FassBinder
feature by Gregory Avery, 17 November 2000

Veronika Voss 

Over 154 days, from June, 1979 to April, 1980, Fassbinder made his film version of Berlin Alexanderplatz. It was comprised of thirteen parts, with a 111-minute epilogue, "My Dream of Franz Biberkopf's Dream." It was previewed, over twelve days, at the 1980 Venice Film Festival before it was shown on West German television, starting in October and concluding with the final episode on December 29.

When Fassbinder acted in his films, he often appeared as a character named Franz. The real name of the carny worker Fox in Fox and His Friends turns out to be Franz Biberkopf. Fassbinder edited his films under the name Franz Walsch, the latter name coming from that of director Raoul Walsh, whose film, Band of Angels, was one of Fassbinder's favorites. And when Irm Hermann and her husband had their first child, a boy, they named him Franz.
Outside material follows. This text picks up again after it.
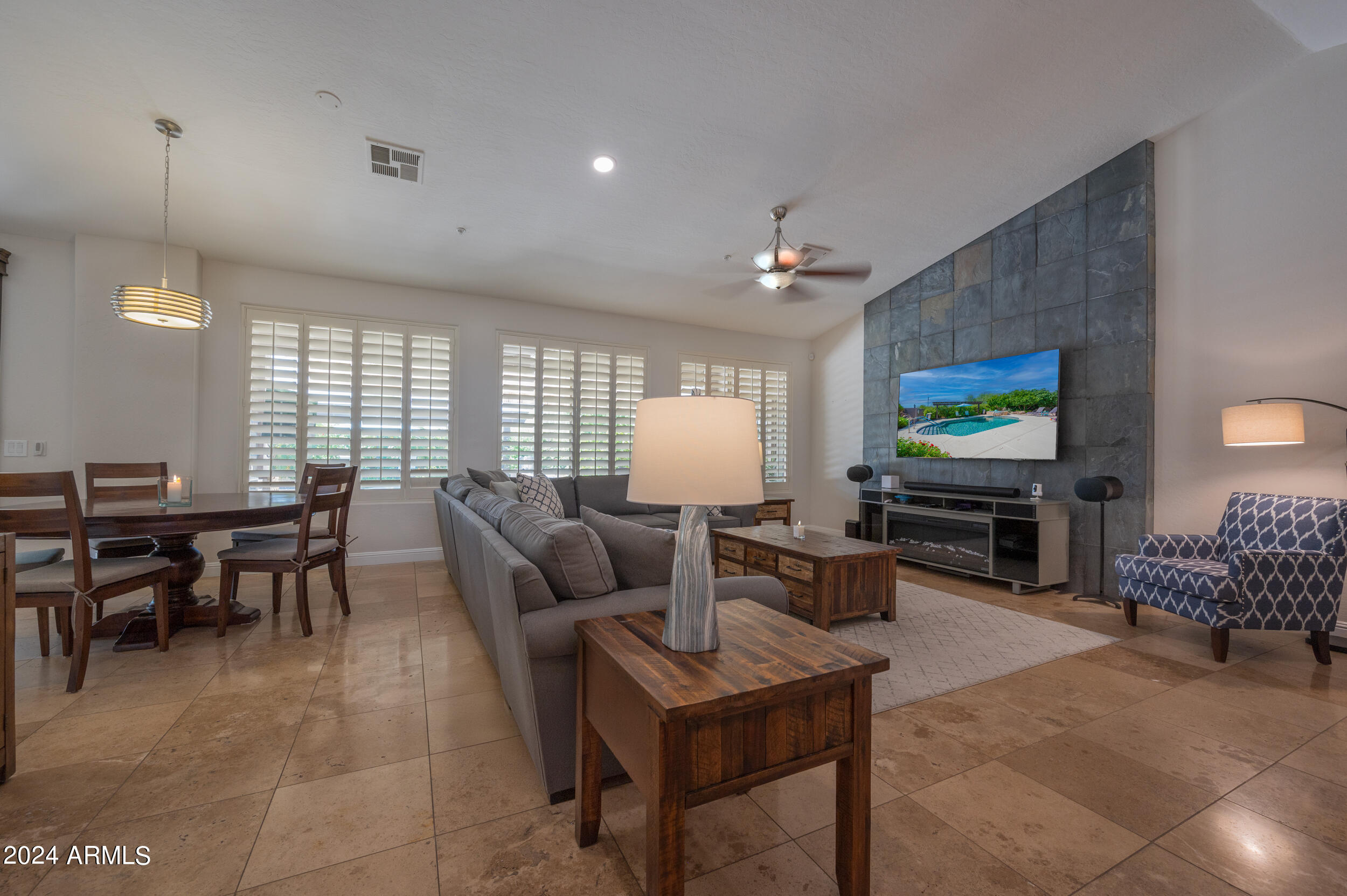 7231 E TAILFEATHER Drive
Why the continuing fascination with Franz? In 1980, Klaus Eder asked Fassbinder about what interested him about the character of Franz Biberkopf in Döblin's novel. "That gets harder and harder for me to say," replied Fassbinder. "In the beginning it was easy. I always said, This is a person who goes around for much too long trying to believe in goodness in this world, in this system he lives in, though he actually knows better. Maybe he hopes that if he sees it this way, it will be this way, and people are, people can be good. Not until very late does he accept the idea that in this system people just can't be any different from the way they are, and he can't be either. But he could afford to go through the world in this anarchistic way [sic] only because he wasn't a worker, but just lived on the margin of the working world. [In Berlin Alexanderplatz, Franz is an ex-convict and former day laborer who returns to Berlin life in 1927, during the most volatile years of the Weimar Republic.] For that reason it isn't a worker's novel. It's a novel that takes place on the margin of the normal working world, but for that very reason says a lot about the working world, I think...."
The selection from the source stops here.